Static analysis checks code without executing it or connecting to any cloud API. It runs on every commit in pre-commit hooks or early in CI.

terraform validate#

Checks HCL syntax and basic resource configuration:

terraform init -backend=false    # initialize providers without backend
terraform validate               # check syntax and resource references

Catches: missing required arguments, invalid resource types, broken references, type mismatches. Does not catch: values that are syntactically valid but logically wrong.

tflint#

Catches provider-specific errors that validate misses:

tflint --init          # download provider-specific rulesets
tflint --recursive     # lint all modules
# .tflint.hcl
plugin "aws" {
  enabled = true
  version = "0.30.0"
  source  = "github.com/terraform-linters/tflint-ruleset-aws"
}

rule "terraform_naming_convention" {
  enabled = true
  format  = "snake_case"
}

rule "terraform_documented_variables" {
  enabled = true
}

Catches: invalid instance types (t3.superxlarge does not exist), deprecated resource arguments, naming convention violations, variables without descriptions.

checkov#

Scans for security misconfigurations and compliance issues:

checkov -d . --framework terraform

Catches: unencrypted S3 buckets, public security groups, missing logging, databases without backups, KMS keys without rotation. Checkov has 2,500+ built-in policies covering CIS benchmarks, SOC2, PCI-DSS, and HIPAA.

terraform fmt#

Not a test per se, but enforces consistent formatting:

terraform fmt -check -recursive -diff

Run this first in CI. If formatting fails, the PR has style issues that should be fixed before deeper analysis.

Static Analysis Pipeline#

#!/bin/bash
# pre-commit or CI script
set -e

echo "=== Format check ==="
terraform fmt -check -recursive -diff

echo "=== Validate ==="
terraform init -backend=false
terraform validate

echo "=== tflint ==="
tflint --init
tflint --recursive

echo "=== Checkov ==="
checkov -d . --framework terraform --quiet

echo "=== All static checks passed ==="

Total runtime: 5-30 seconds. No cloud credentials needed. No API calls.

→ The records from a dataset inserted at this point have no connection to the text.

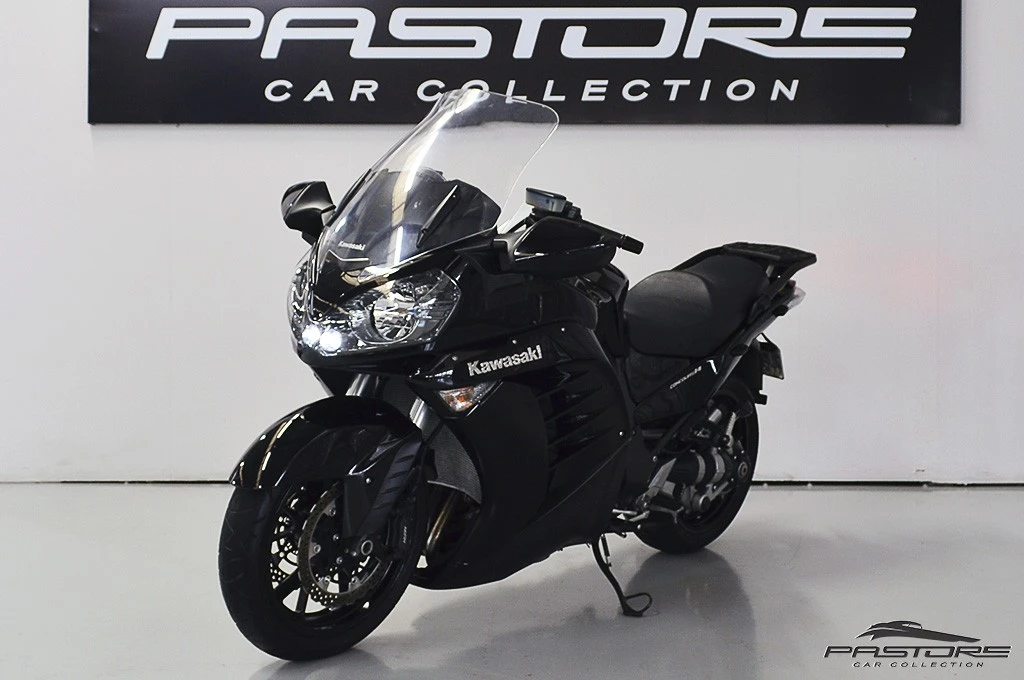 Kawasaki Concours 14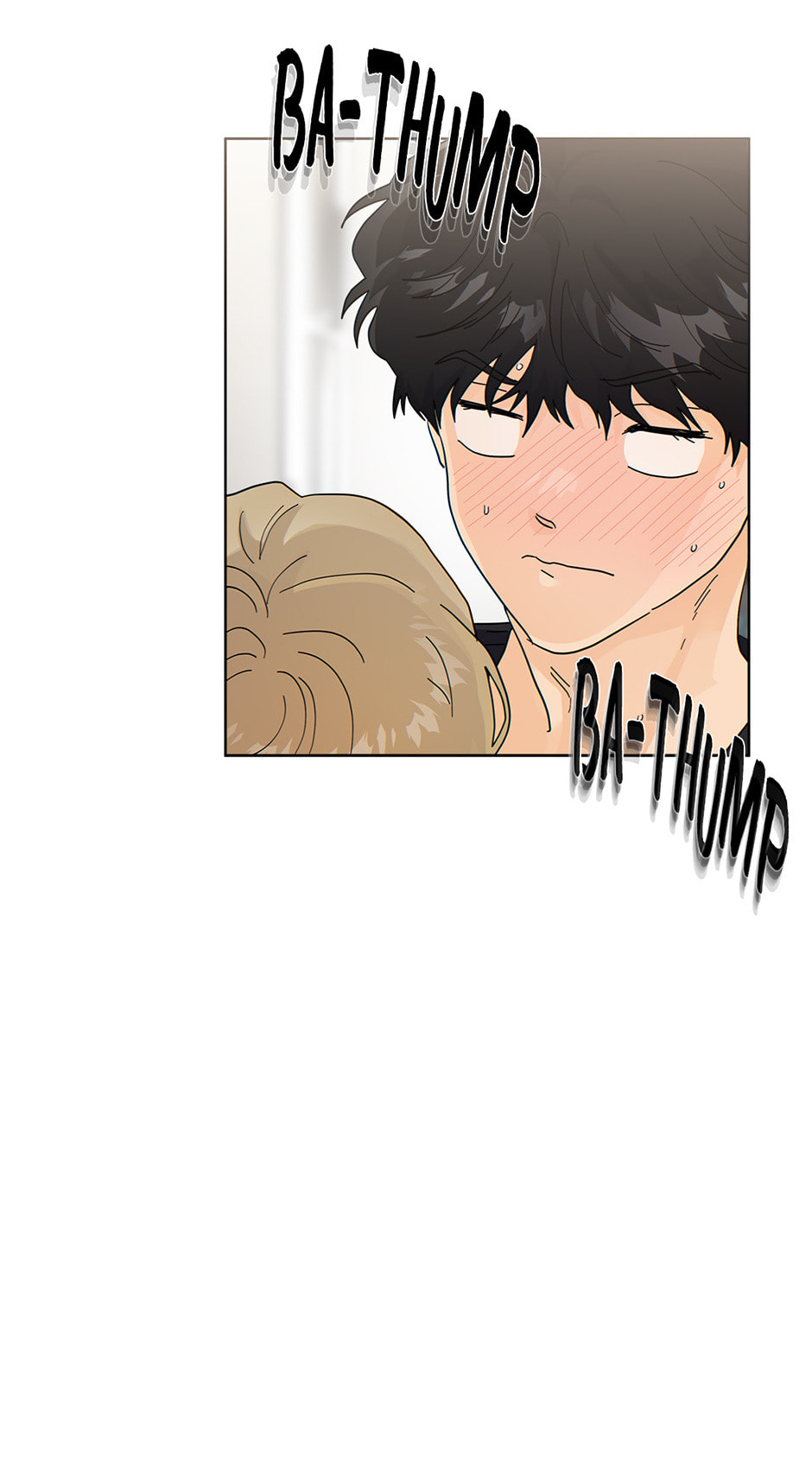 The tiger next door Chapter 35 page 10 - 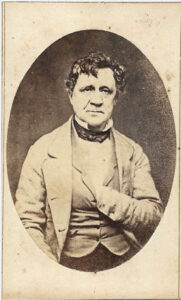 Junius Brutus Booth Senior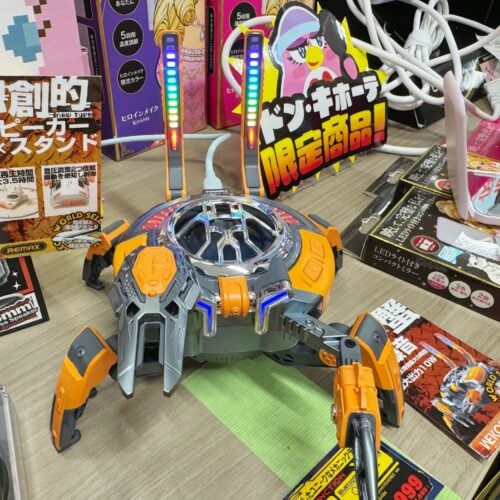 「ドンキ、やっぱ天才」7分で氷を作れる製氷機、変身願望叶えるイヤホン…展示会で見つけた“便利すぎ＆クセ強”な家電・ガジェットを徹底レポート！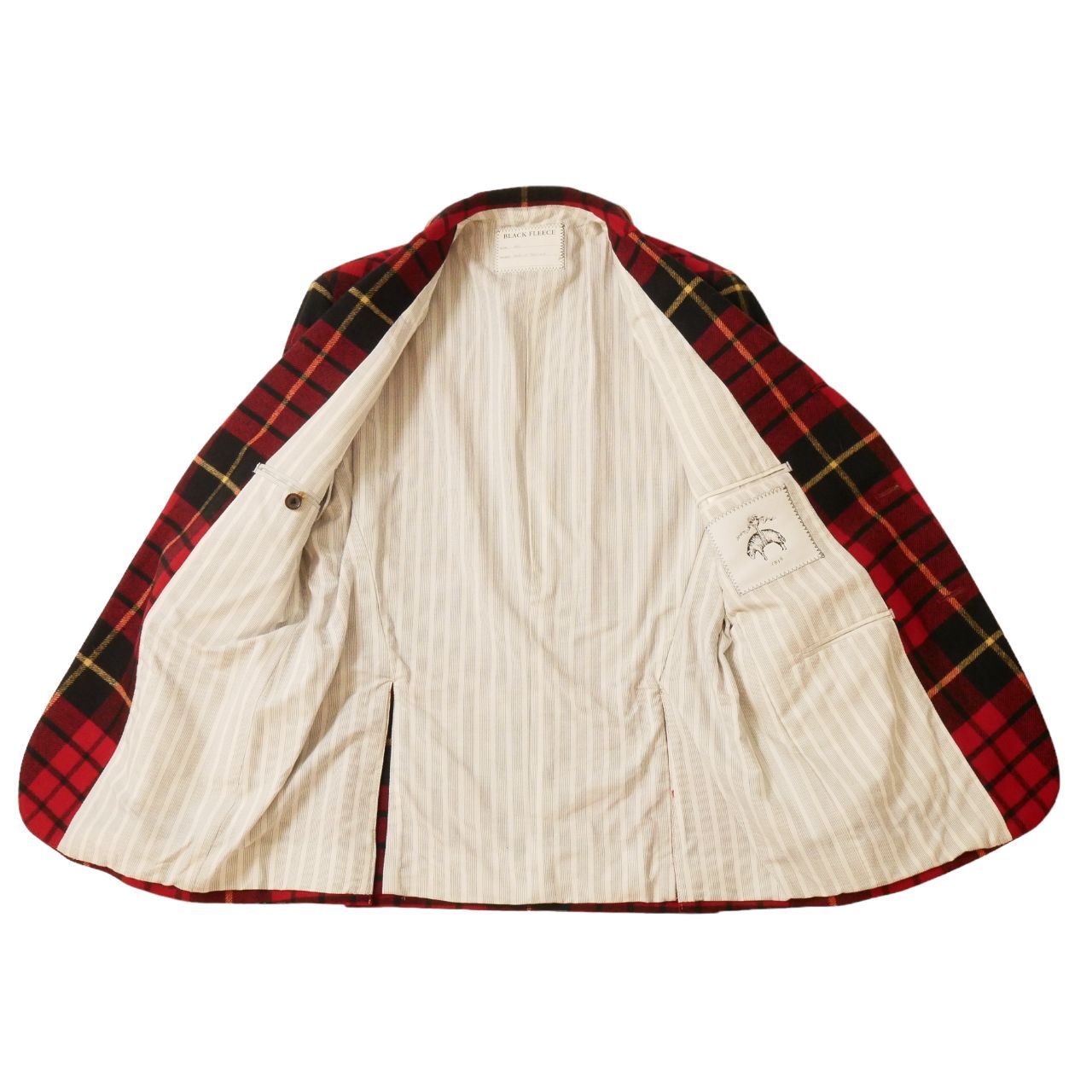 中古 BLACK Fleece ブラックフリース ジャケット ブルックスブラザーズ 
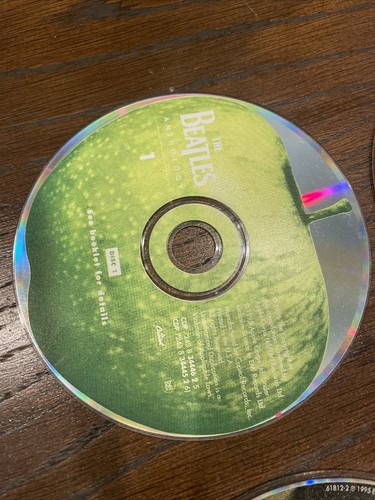 Lot Of 14 CDs W/ The Nixons, The Beatles, Bush ,John Mellencamp, Incubus 1587 - Picture 13 of 15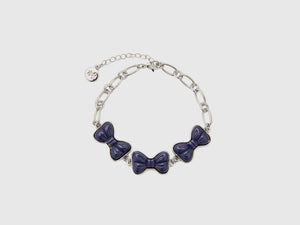 Bracciale con fiocchetti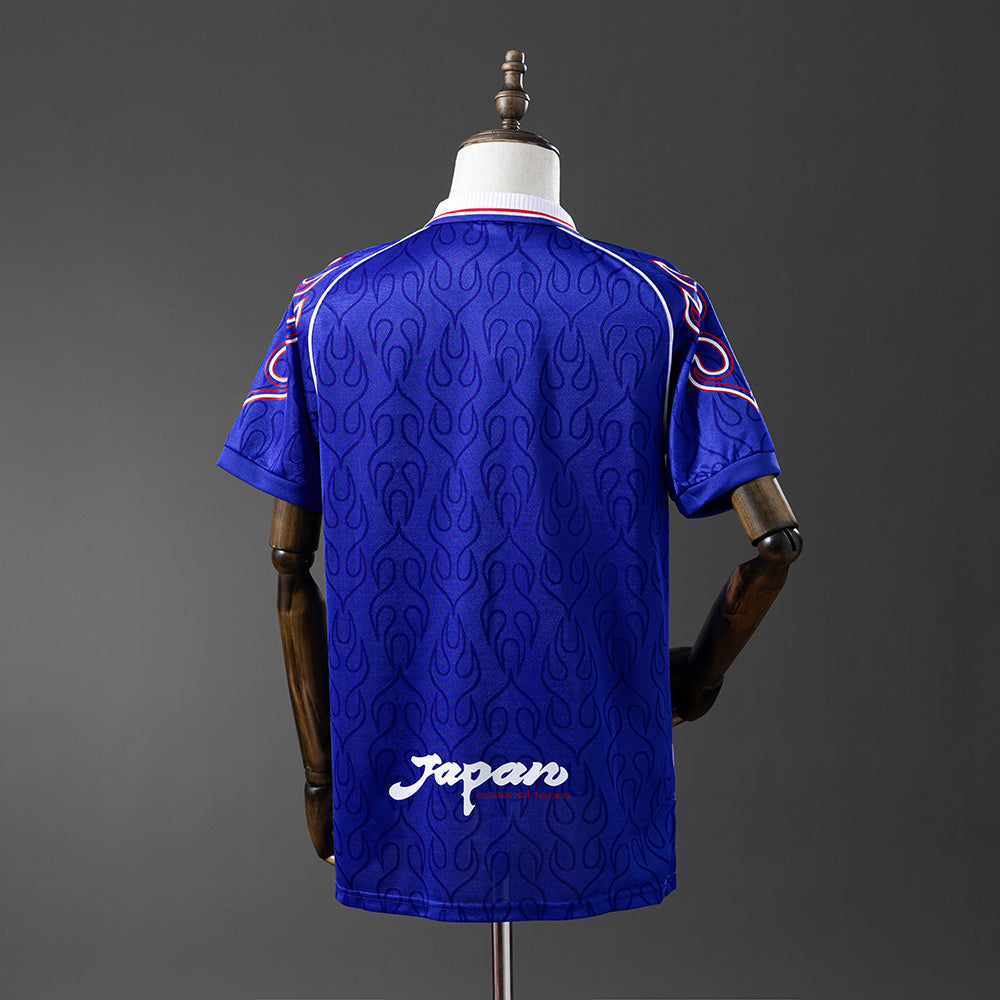 Camisola Retro Japão Principal 1998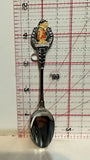 Fred Flintstone Bedrock City Souvenir Spoon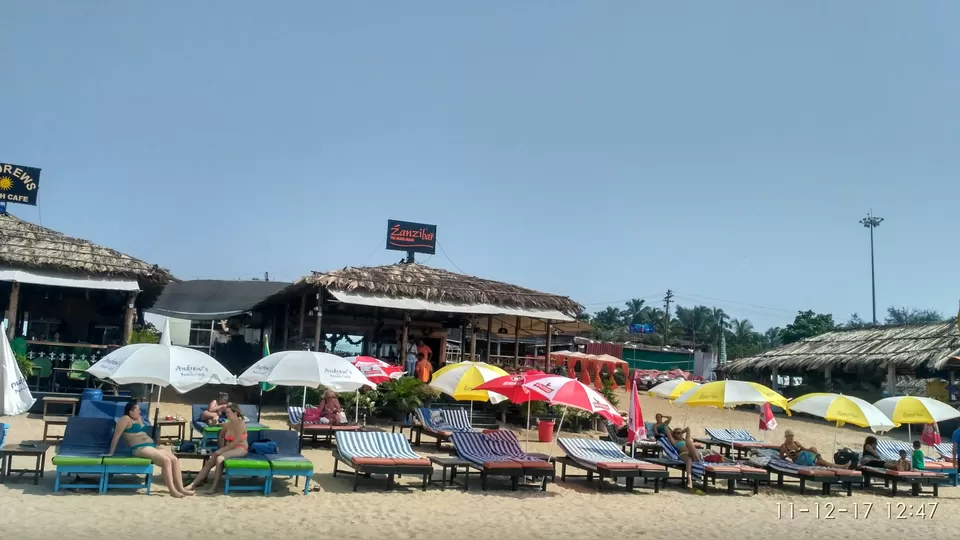 Photo of Chapora Beach, Chapora, Goa, India by rajat patil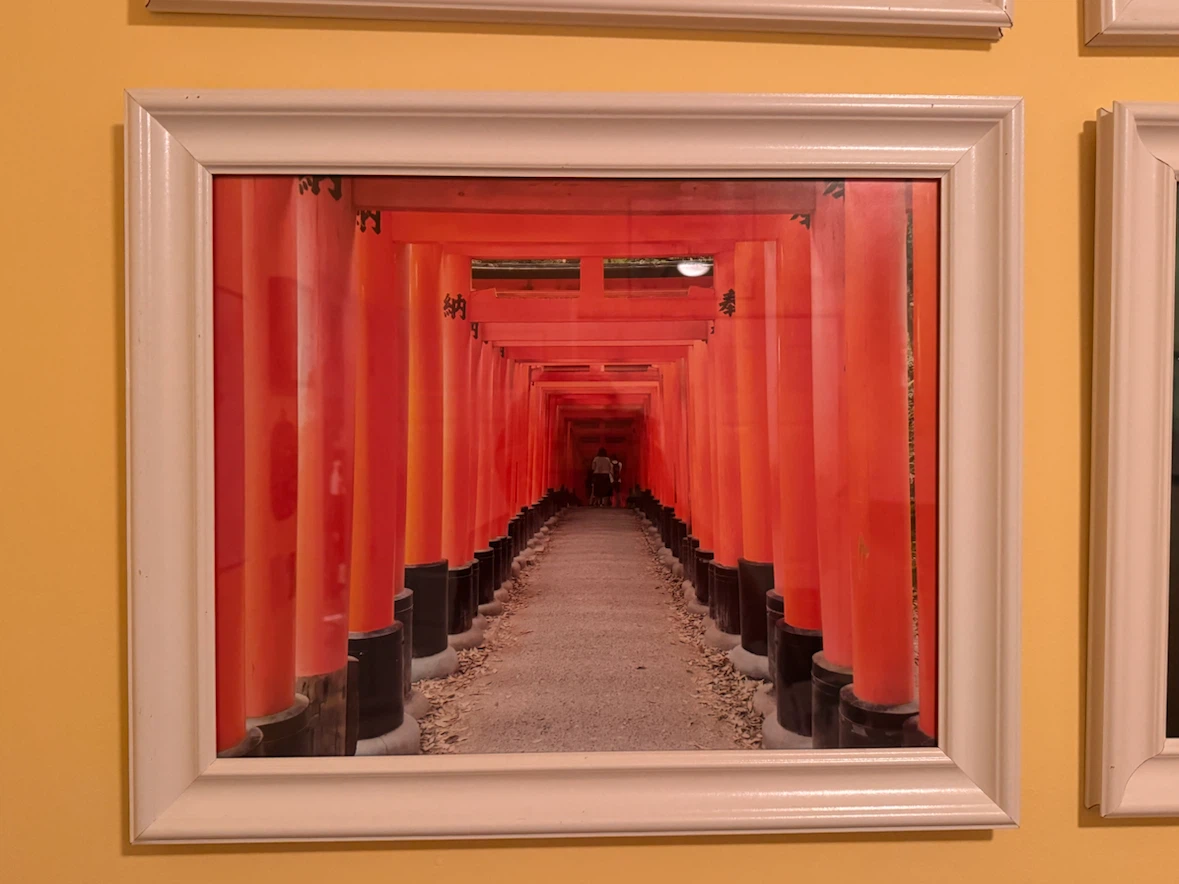 Set of 6 White Frames - photo 2
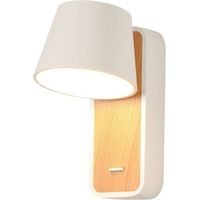 Applique LED orientable 7W "" 3000K - Blanc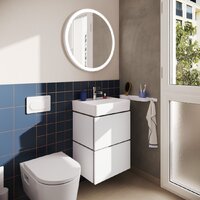 Умывальник Hansgrohe Xanuia Q 50 60131450 - Превью изображения №13 — Интернет-магазин ПроЗаказ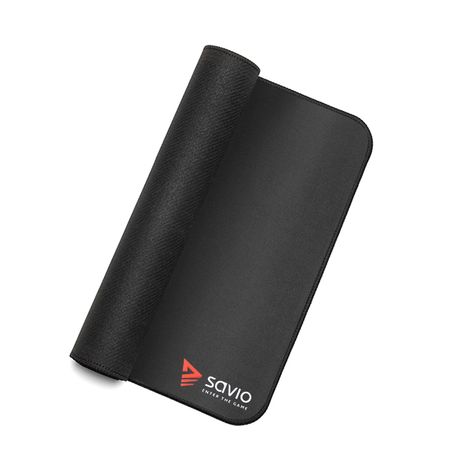 Savio Black Edition Turbo Dynamic XXL 100x50 Gaming mouse pad Alfombrilla de rat n para juegos Negro - Imagen 4 de 6 Savio Black Edition Turbo Dynamic XXL 100x50 Gaming mouse pad Alfombrilla de rat n para juegos Negro - Imagen 4 de 6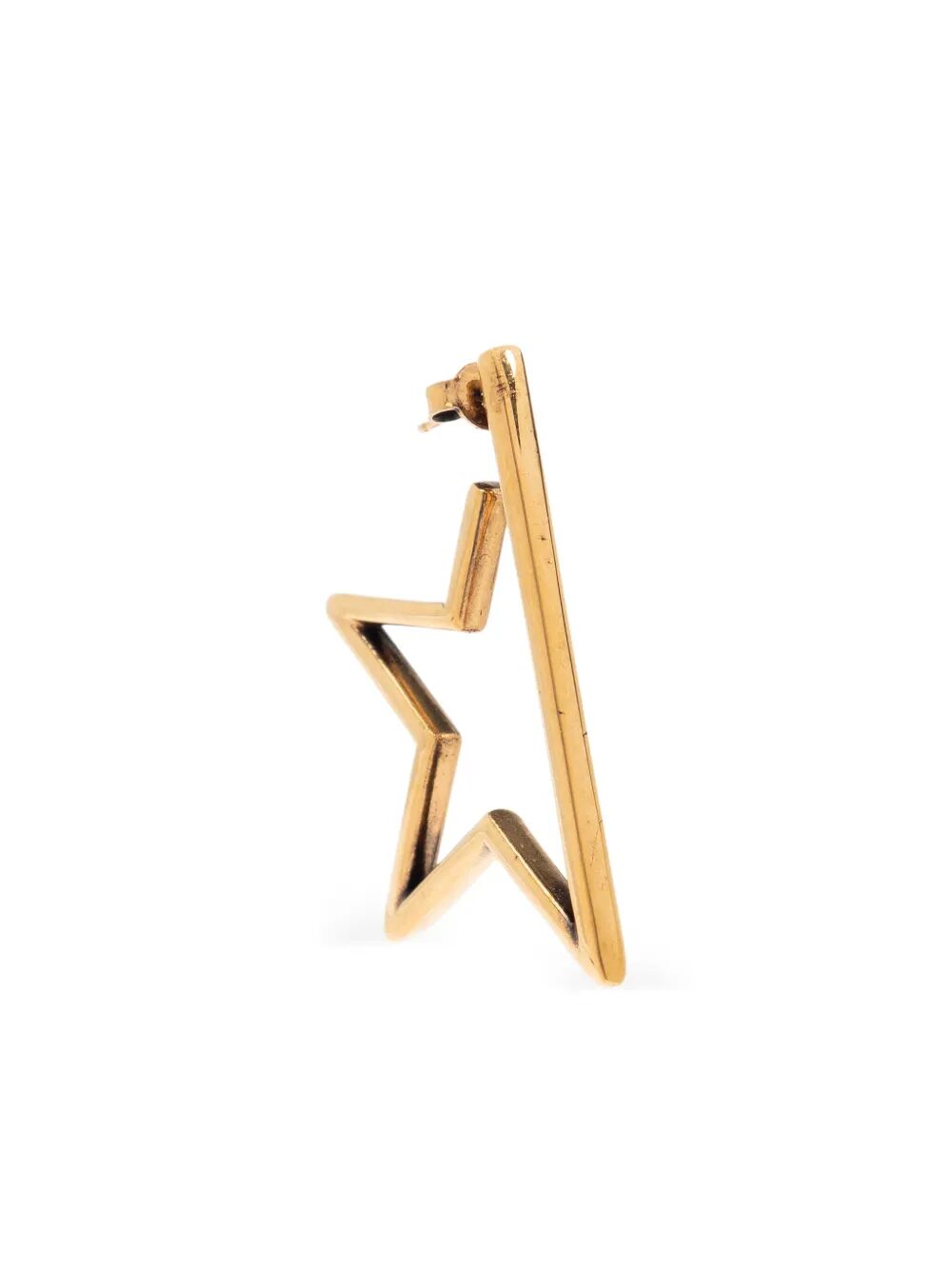 EARRINGS OUTLINE STAR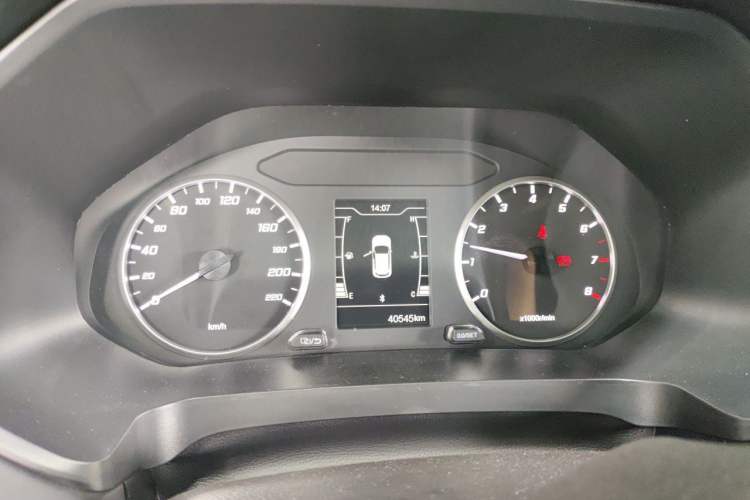 Used Chery Tiggo 5x 2023 1.5L Manual Urban Version Instrument Cluster
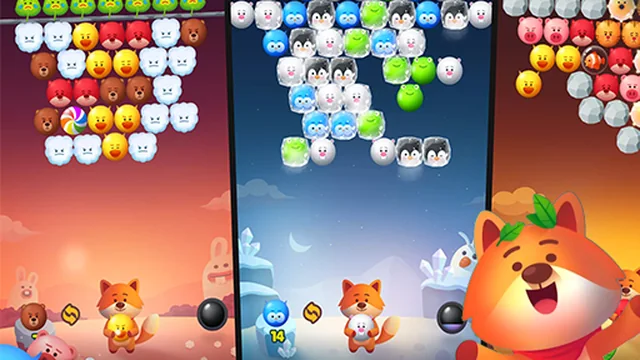 Bubble Shooter Kit : Match 3
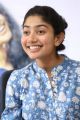 Fidaa Actress Sai Pallavi Interview Stills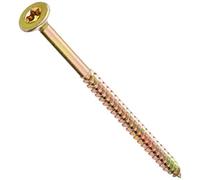 CONNEX, Set di viti universali 6,0 x 100 mm, Torx, 85 pz. - B30178 - NUOVO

Level 2: Cost Estimation (1-2 Minutes)#

Cost estimation runs terraform plan and analyzes the planned resources against pricing data. It catches budget surprises before they reach production.

Infracost#

# Generate plan
terraform plan -out=tfplan
terraform show -json tfplan > plan.json

# Estimate cost
infracost breakdown --path=plan.json --format=json --out-file=cost.json
infracost output --path=cost.json --format=table

Output example:

Project: infrastructure/compute

 Name                                     Monthly Qty  Unit   Monthly Cost
 ─────────────────────────────────────────────────────────────────────────
 aws_instance.app
 ├─ Instance usage (t3.large)                     730  hours        $60.74
 ├─ root_block_device
 │  └─ Storage (gp3, 50 GB)                        50  GB           $4.00
 └─ ebs_block_device[0]
    └─ Storage (gp3, 200 GB)                       200  GB          $16.00

 aws_rds_cluster.main
 ├─ Aurora capacity units                         730  ACU-hours   $87.60
 └─ Storage                                        50  GB           $5.00

 OVERALL TOTAL                                                    $173.34

Cost Guardrails#

Add policy checks for cost:

# Fail if monthly cost exceeds threshold
COST=$(jq '.totalMonthlyCost | tonumber' cost.json)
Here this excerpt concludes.